▶ WHAT IS NEEDED
The answer must consist solely of the lines from the one containing "URBAN RESEARCH（アーバンリサーチ）の「URiD コットンサテン" through the last line of the records below, repeated exactly, with all pictures omitted.

*** EXERCISE INPUTS Section Begins ***

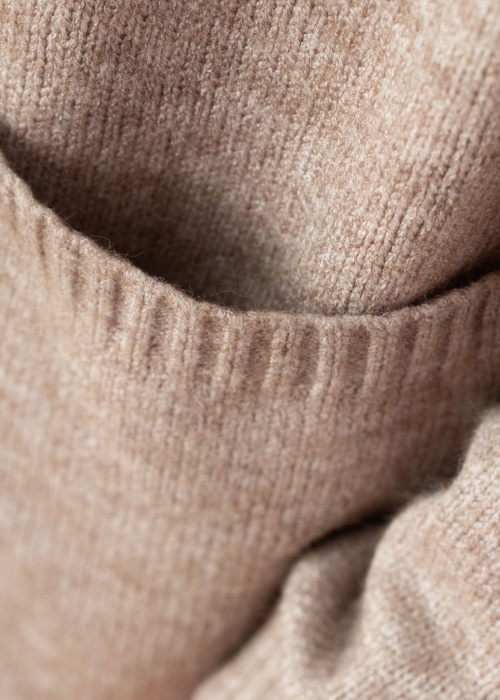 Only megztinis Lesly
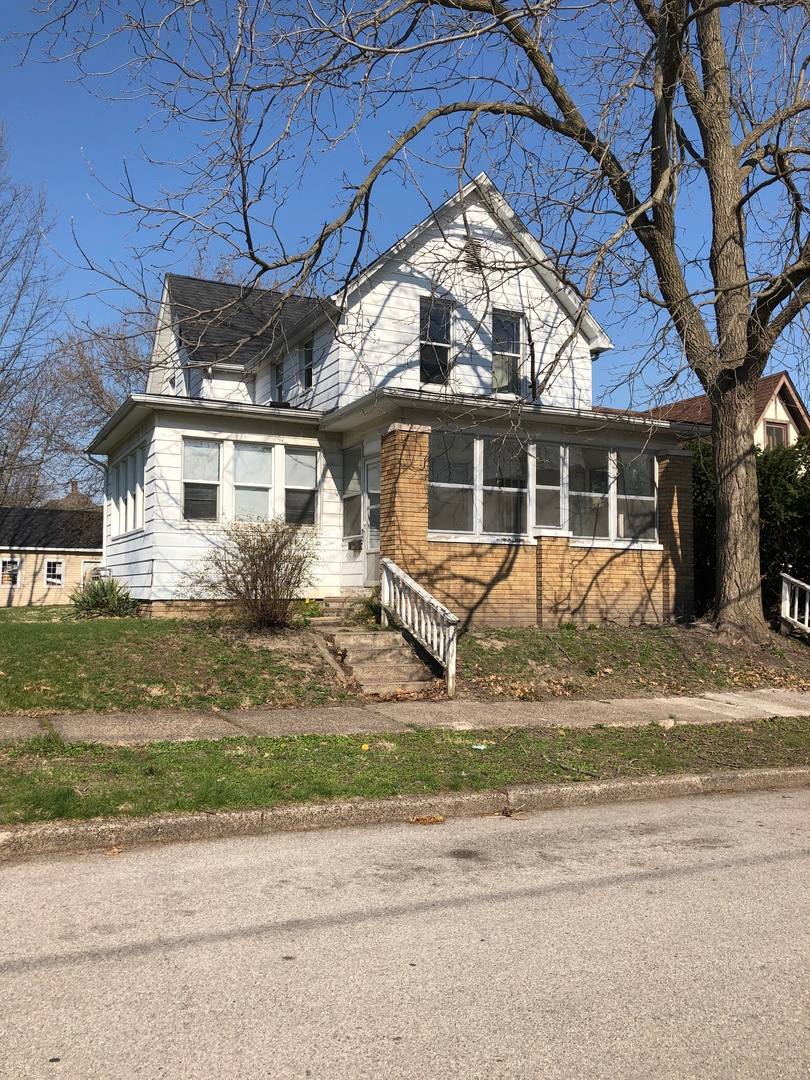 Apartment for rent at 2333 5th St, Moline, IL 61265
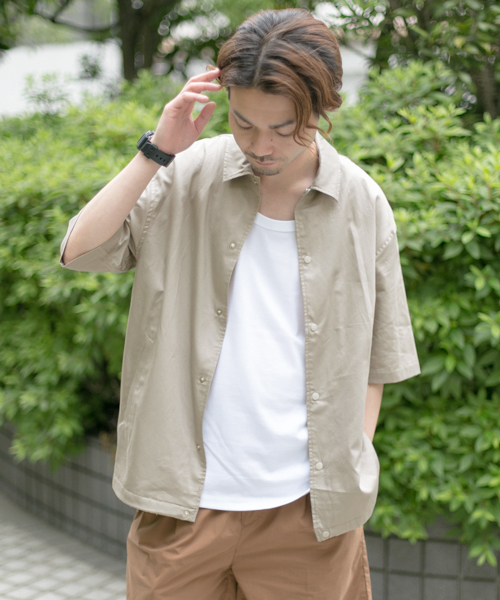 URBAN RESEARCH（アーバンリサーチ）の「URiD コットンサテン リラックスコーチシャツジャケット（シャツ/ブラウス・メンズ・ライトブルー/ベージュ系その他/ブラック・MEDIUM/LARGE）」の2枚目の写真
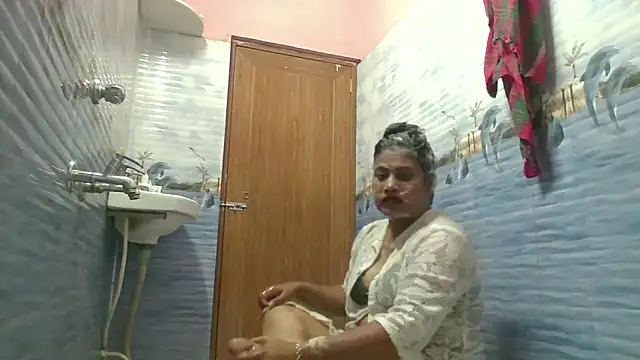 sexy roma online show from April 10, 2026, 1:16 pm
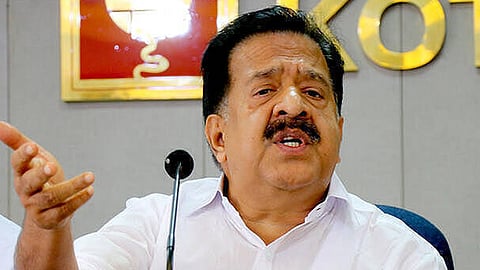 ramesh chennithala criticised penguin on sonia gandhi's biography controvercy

*** EXERCISE INPUTS Section Ends ***

▶ RESPONSE BOX
 URBAN RESEARCH（アーバンリサーチ）の「URiD コットンサテン リラックスコーチシャツジャケット（シャツ/ブラウス・メンズ・ライトブルー/ベージュ系その他/ブラック・MEDIUM/LARGE）」の2枚目の写真
 sexy roma online show from April 10, 2026, 1:16 pm
 ramesh chennithala criticised penguin on sonia gandhi's biography controvercy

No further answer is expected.